Poetic Pilgrimages, Nobel Prize Betting Breakdown, and More

by
Staff
10.7.16

Every day Poets & Writers Magazine scans the headlines—from publishing reports to academic announcements to literary dispatches—for all the news that creative writers need to know. Here are today’s stories:

“The point is this: Murakami, Oates, Adonis, and Ngugi have led the Ladbrokes field for years not because they are contenders necessarily, but because people bet on them.” At the New Republic, Alex Shepard breaks down the betting pool—and its faults—for the 2016 Nobel Prize in Literature

At the Slate Book Review, more than thirty funny writers, including Maria Semple, David Sedaris, and Junot Díaz, recommend the funniest books by living authors.

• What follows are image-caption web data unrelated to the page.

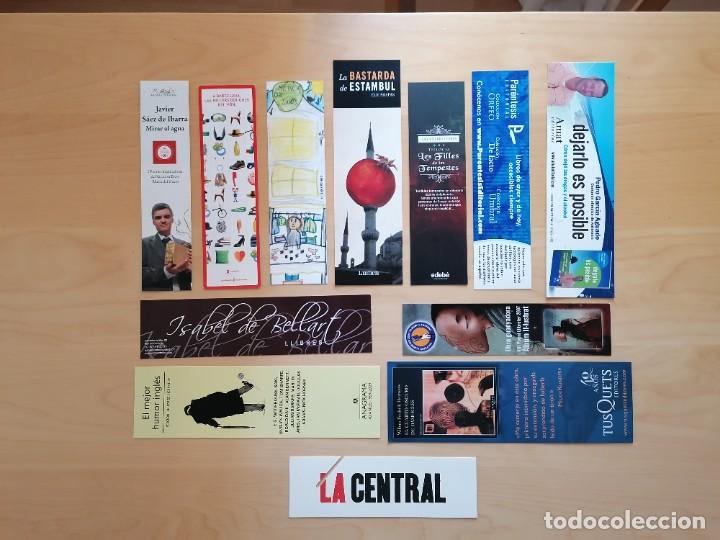 Coleccionismo marcap&aacute;ginas: LOTE DE 12 MARCAP&Aacute;GINAS VARIADOS - Foto 1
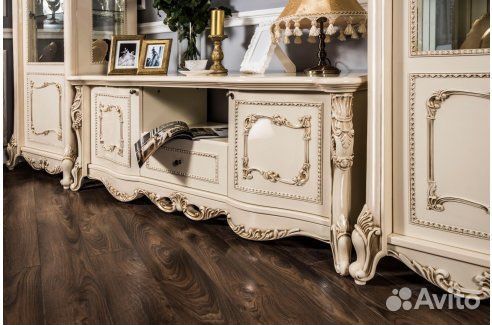 Гостиная джоконда крем глянец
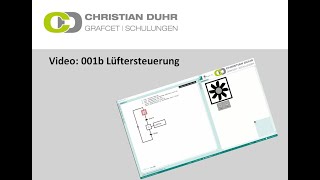 GRAFCET  001b Einfaches Beispiel Lüftersteuerung [upl. by Rhianna817]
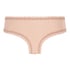 London V-shaped Brazilian, Beige
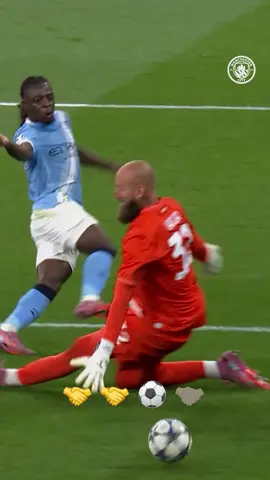 Electric on the ball⚡️ @Jeremy Doku wasn’t short on goal contributions in September! ✨ #ManCity #JeremyDoku #PremierLeague #football 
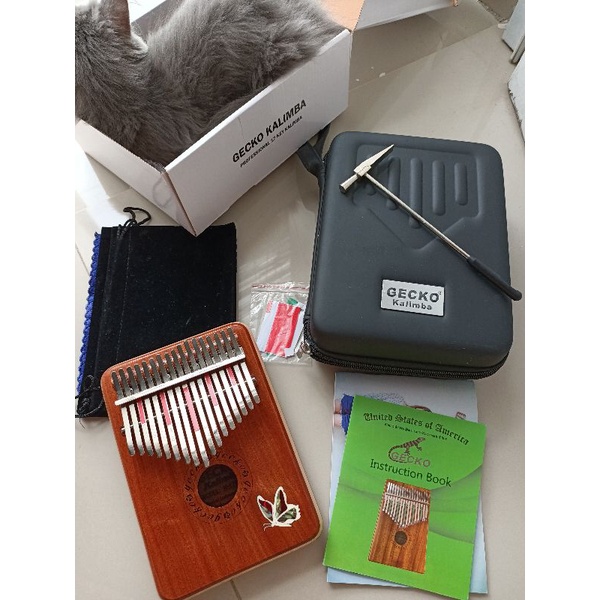 Gecko Kalimba - K17SD (Sandalwood)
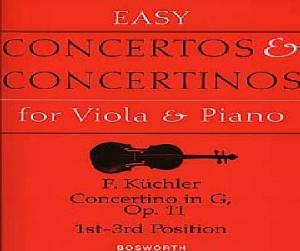 VAP KUCHLER CONCERTINO Op. 11 in G 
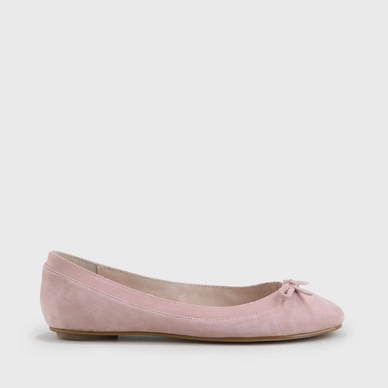 Buffalo Annelie Light Pink Kid Suede Leather
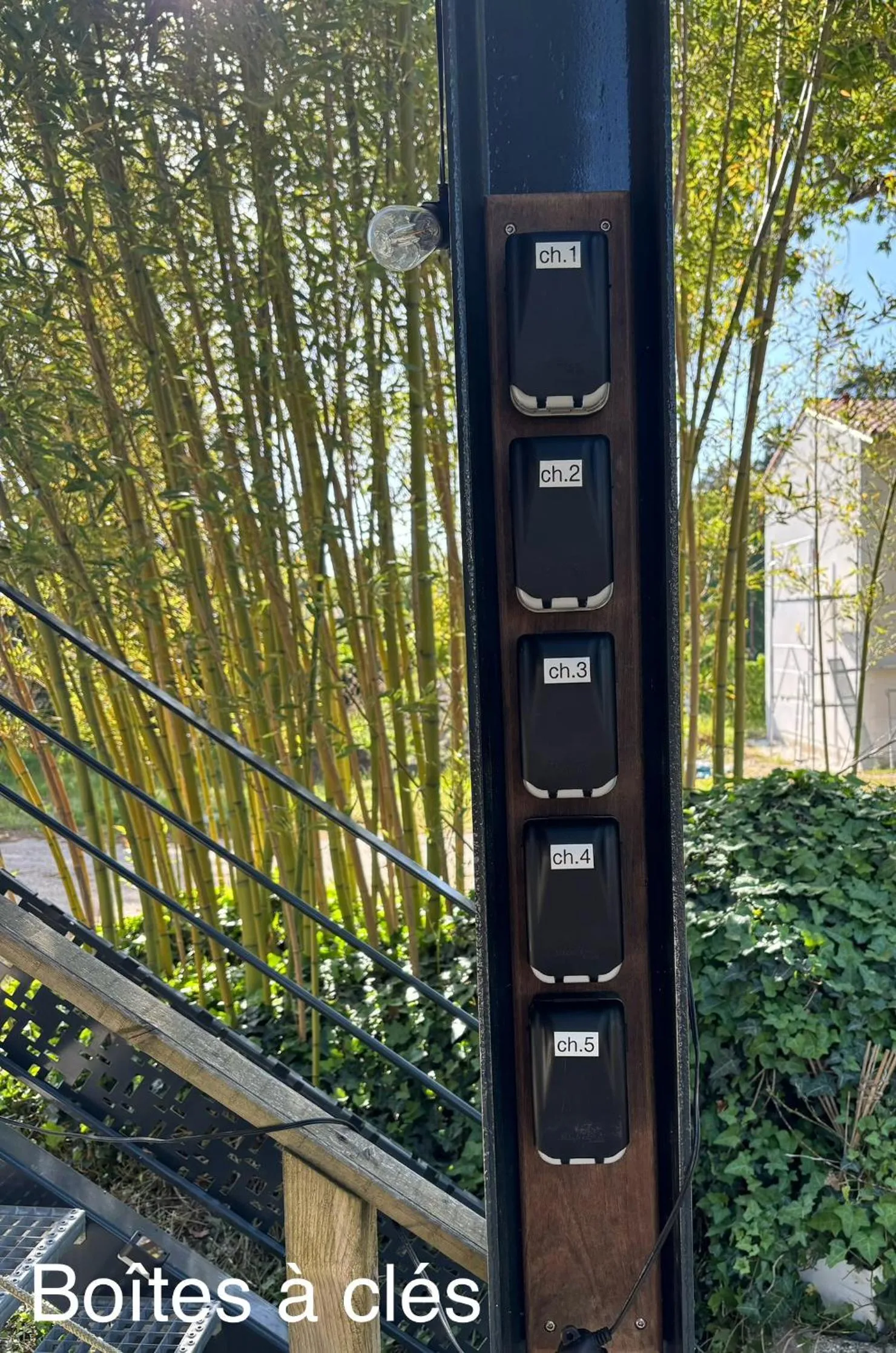 Facade/entrance in Maison Farol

A piece at the Guardian looks at the history of poetry and the urban experience. “There is this energy and aggression and speed in a city that lends itself to poetry,” says poet Tom Chivers. “Cities are built with language.”

In the latest installment of Flavorwire’s Sweetest Debut series, fiction writer Dent Zobal discusses writing twenty-five drafts of his debut novel, The People of the Broken Neck, out this month from Unbridled Books. 

A new law in California that prohibits selling autographed memorabilia without a certificate of authenticity—intended to crack down on sales of fraudulent autographs—may unintentionally end up hurting booksellers in the state. (Melville House)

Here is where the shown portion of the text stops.